Der volkswirtschaftliche Nutzen von Kulturbetrieben und -projekten - Fachbeitrag von Eva Nieuweboer

Subvention versus Investition, Kultur als Standortvorteil, Umwegrentabilität und weitere Schlagworte, die immer wieder Kulturpolitiker wie Kulturmanager beschäftigen, verdeutlichen eine neue Betrachtungsweise von Kulturangeboten. Neben dem immateriellen Wert werden Kulturleistungen auch unter marktwirtschaftlichen Überlegungen geprüft.

Werden die wirtschaftlichen Auswirkungen von Kulturangeboten für einen Ort oder eine Region analysiert, können unterschiedliche Effekte festgestellt werden. Neben der allgemeinen Wertschöpfungskette zum Beispiel über den Verkauf von Eintrittskarten, ist der Kulturanbieter aufgrund der oft arbeitsintensiven Produktionen ein wichtiger lokaler Arbeitgeber.
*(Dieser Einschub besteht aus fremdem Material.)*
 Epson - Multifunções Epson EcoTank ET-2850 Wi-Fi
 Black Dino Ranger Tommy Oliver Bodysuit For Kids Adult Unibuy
Gleichzeitig mit der Zahl der Arbeitsplätze steigt auch die Kaufkraft am Ort. Dies führt wiederum zu fiskalische Effekten, wie die Rückflüsse von Steuern und Abgaben beispielsweise durch Sozialversicherungsabgaben, Einkommens-, Körperschafts- und Umsatzsteuer. Sie bilden eine wichtige und oftmals vernachlässigte Größe der ökonomischen Auswirkungen von kulturellen Aktivitäten.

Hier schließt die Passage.